Изменить размер шрифта - +
И, может, именно поэтому дьявол хочет воспользоваться красотой для своих целей. Красота может стать демонической не по своей сущности, не потому, что она есть, она может быть лишь использована в борьбе полярно противоположных сил.

Возможна обманная красота, обманная красота иных женщин, обманная красота иных произведений искусства. Демоническое начало не в красоте и не в творчестве, а во внутреннем состоянии и направленности человека. Любят говорить о демоническом начале в творчестве Леонардо, напр. в его Иоанне Крестителе и Джиоконде. Но демоническое, которое, может быть, было в самом Леонардо, сгорело в его творческом акте, в котором совершалось преображение и через который достигается вечность. Почва, на которой легко появляются демонические уклоны, есть эстетство, которое признает лишь эстетические ценности и ими подменяет все другие, напр. ценности истины и добра. Но великие творцы никогда не были эстетами. Эстетство есть не творческое состояние, это есть состояние пассивности. Эстет живет окружениями, он вращается в мире вторичном, а не первичном. Он никогда не ищет правды и не любит правды, как неприятного напоминания. Демонические уклоны, которые на этой почве рождаются, не глубокие. Я, впрочем, склонен думать, что эстеты не любят и красоты, ибо у них нет притяжения к божественной высоте. Самые ядовитые плоды порождает эстетизм в жизни общественной, искажая все оценки. Это можно видеть по Ницше и К. Леонтьеву. Недопустимо враждовать против осуществления большей справедливости в социальной жизни по тем основаниям, что в несправедливом социальном строе прошлого было больше красоты. Исторический эстетизм и романтизм К. Леонтьева всегда есть ложь и неправда.

Интуитивное восприятие красоты природы, красоты человека, красоты художественного произведения есть творческое преодоление хаоса, разложения и уродства. Восприятие красоты есть прорыв за уродливую кору, покрывающую мир. Совершенно ложно ставится вопрос, когда в книгах по эстетике спрашивают, объективна или субъективна красота. Когда говорят, что красота субъективна, а не объективна, то этим хотят сказать, что она есть субъективная иллюзия, лишь субъективное состояние человека. Неверно сказать, что красота объективна. Но сказать, что красота субъективна, и значит сказать, что она реальна, ибо реальность в субъективности, в полной еще огня первичной жизни существования, а не в объективированном бытии, в котором огонь жизни уже охлажден.

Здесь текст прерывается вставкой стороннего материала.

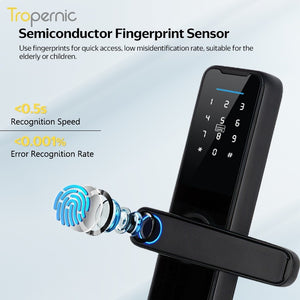 [No Gateway Required] 5 In 1 Tuya Smart Door Lock APP Remote Unlock Fingerprint Door Knob with Passage Mode Digital Door Lock Password IC Card Key Unlocking
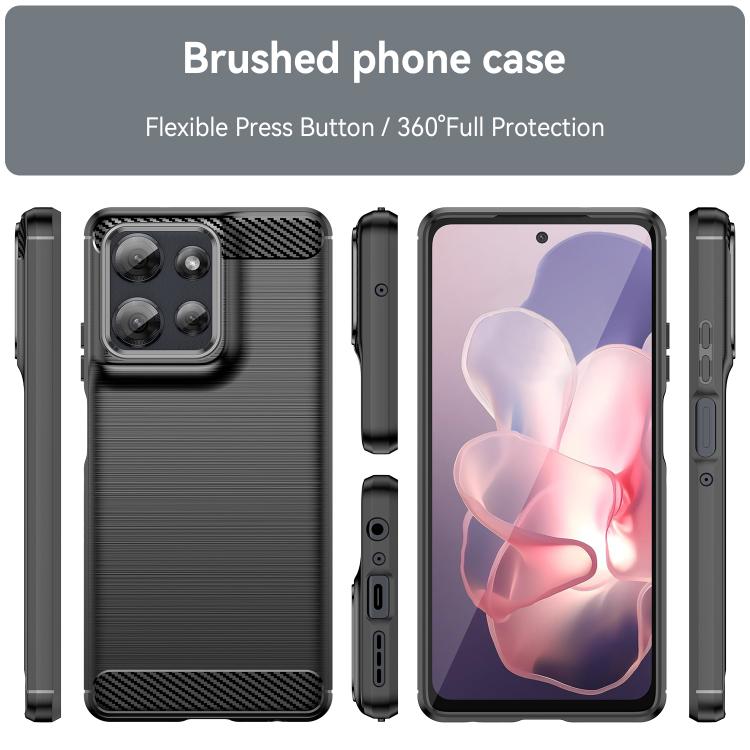 For Motorola Moto G Power 2025 Carbon Fiber Brushed Texture TPU Phone Case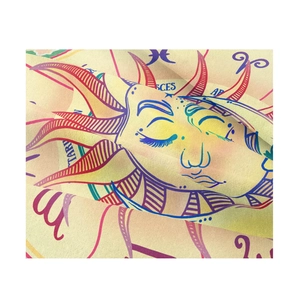 Detail of soft fabric texture featuring sun face print and zodiac symbols wall tapestry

Это приводит к сложному вопросу об отношении между творчеством и объективацией или отчуждением. Есть ли воплощение всякого творческого акта объективация? Есть ли красота, создаваемая творческими силами природы и творческими силами человека, непременно «классическая», «объективная» красота? Спор классицизма и романтизма с этим связан. Классицизм как будто бы требует объективной законченности, завершенности, т. е. совершенства продуктов творчества. То же может быть в явлениях природы, которые могут быть классическими, завершенными. Но природа может быть и романтической. Этим полны романы Вальтер Скотта. Классическая объективность есть достижение совершенства в конечном, как бы победа над бесформенной бесконечностью. Не случайно греки связывали совершенство с конечностью и боялись бесконечности, как хаоса. Романтизм же, который по-настоящему обнаруживает себя лишь в христианский период истории, устремленный к бесконечному, не верит в достижимость совершенства в конечном.

Классическое есть такое же вечное начало, как и романтическое. Человеческое творчество не может не стремиться к совершенству формы, как не может удовлетвориться ни на чем конечном, замкнутом в этом мире. Нуменальное, из которого и исходит творчество, должно всегда переходить за грани феноменального, конечное должно разбиваться устремлением к бесконечному. Отношения между формой и бесконечным содержанием жизни противоречивы и парадоксальны. Красоты нет без формы, бесформенность некрасива и может быть уродливой.